If only she had been there, Cass thought, she might have been able to save some of her own possessions – not that there were many that she was emotional about. Vicars shouldn’t put store on earthly possessions, as the Bible reminded her, and most of hers had gone in one of the burglaries. Now her father’s Bible and her mother’s keepsake box and their photographs - all she had left to remember them by - were gone over the cliff and into the sea and so was poor little Twiggy … It was beginning to feel like God was trying to tell her something. Really, the last couple of years had just been one calamity after another with three burglaries, the disastrous relationship with James and the ignominious transfer from Ormsborough out here to Rawscar. Sometimes it felt like no matter how hard she tried to live a good life, to follow Christ’s teachings, to do what God, her father and the bishop would want, still she got it wrong. Was God punishing her? Why was he punishing her?

‘Jack Thorburn down at the Ship might have a room though,’ Mike suggested.

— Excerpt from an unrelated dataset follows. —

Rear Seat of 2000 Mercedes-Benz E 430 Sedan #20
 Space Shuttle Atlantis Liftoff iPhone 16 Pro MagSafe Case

Cass wasn’t in a hurry to throw herself on the mercy of the landlord of the Ship Inn. As a female vicar, and what was worse an “incomer” she had found herself on the wrong end of his “jokes” a few too many times in the eight months she had lived in Rawscar. She avoided the pub if she could help it - but where else would she find a bed at this time of night? It was nearly eight o’clock already.

‘Don’t worry Reverend, your church warder” the policeman began.

‘Warden,’ she corrected him automatically.

‘Church warden, Graham and his wife are getting their spare room ready for you to stay there tonight.’

‘Ay, Vicar, get yourself away,’ Mike Randall added kindly. ‘You could probably do with a stiff drink. I’m sorry about your house, Vicar.’

There was a pause. They seemed to be waiting for her to say something meaningful. People seemed to expect it of a vicar, she had found; the right words for the occasion. The parable about the wise man who built his house on a rock flitted through her brain – but Cass could have sworn that the solid old coastguard’s cottage that had served as her vicarage would have been well built and safe in any storm. How was she to know that the rock beneath it would crumble and fall? Sometimes, it would seem, no matter how well and carefully you built your house, it still fell, no matter what you did. Sometimes faith wasn’t enough.

Her legs began to tremble.

‘You’ve had a shock,’ The policeman said, his sensible business-like manner belying his youth. He was used to moments like this, of course, he would be trained to deal with them. ‘Let’s get you down to Graham’s house. There’s nothing you can do now. My colleague PC Evans will contact the council surveyors, and I would suggest you get on to your insurers as soon as possible. Do you own the property?’

‘No, the vicarage belongs to the diocese,’ she said, amazed that the voice coming out of her mouth was so normal and recognisably her own. ‘I’ll ring the Diocesan Office in the morning. There won’t be anyone there now.’ How calm, how strong her voice sounded. Just as a vicar’s voice should. Her father would have been proud of her; the bishop would be impressed.

‘Oh no,’ Cass stuttered as another awful thought overwhelmed her – worse than the loss of her home, her possessions and her beloved cat. Her heart lurched and she felt sick to her stomach. ‘Oh Lord, how am I going to explain THIS to the bishop?’